→ **What the exercise asks**: The listing is to be reproduced exactly, excluding its pictures.

→ **Dataset extract**:

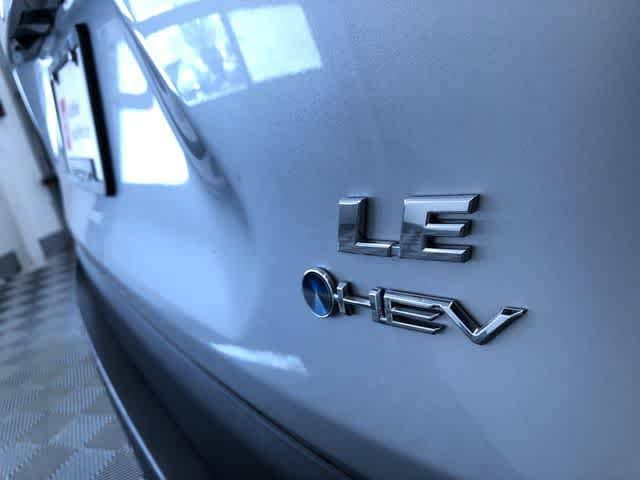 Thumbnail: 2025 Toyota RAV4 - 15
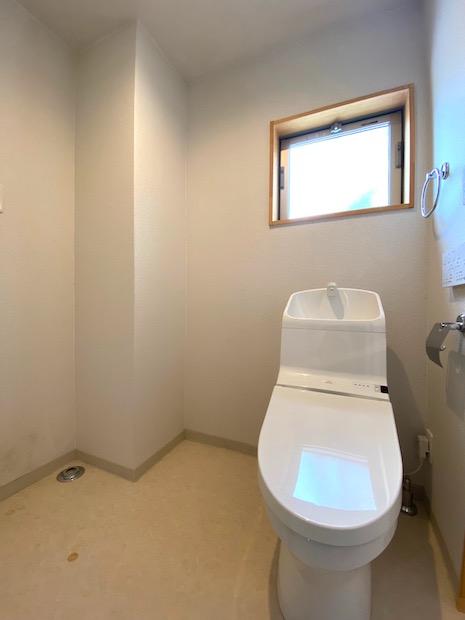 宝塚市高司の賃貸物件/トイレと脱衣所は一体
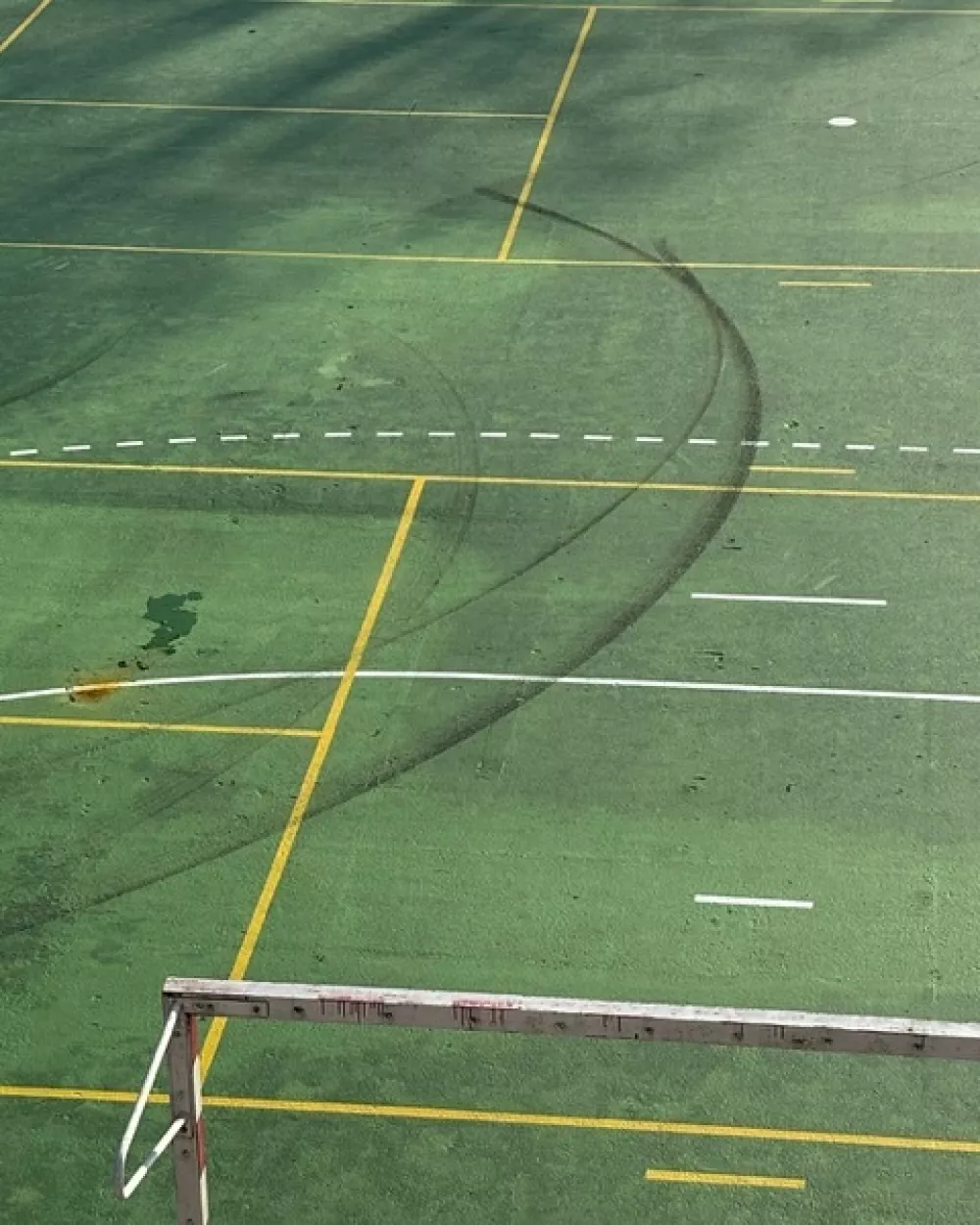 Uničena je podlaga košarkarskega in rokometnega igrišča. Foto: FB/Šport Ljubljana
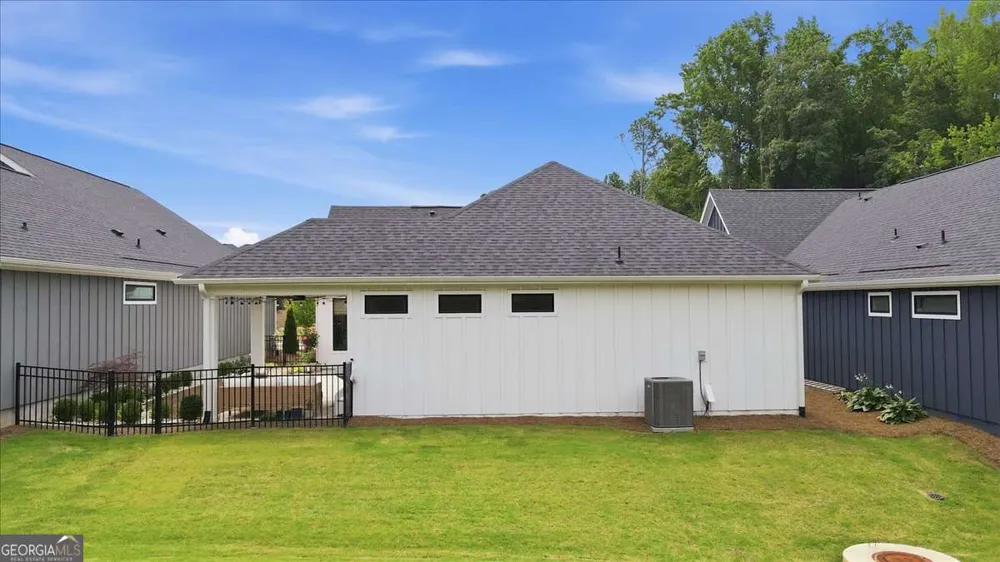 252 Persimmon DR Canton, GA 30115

→ **Exercise answer**:
 Thumbnail: 2025 Toyota RAV4 - 15
 宝塚市高司の賃貸物件/トイレと脱衣所は一体
 Uničena je podlaga košarkarskega in rokometnega igrišča. Foto: FB/Šport Ljubljana
 252 Persimmon DR Canton, GA 30115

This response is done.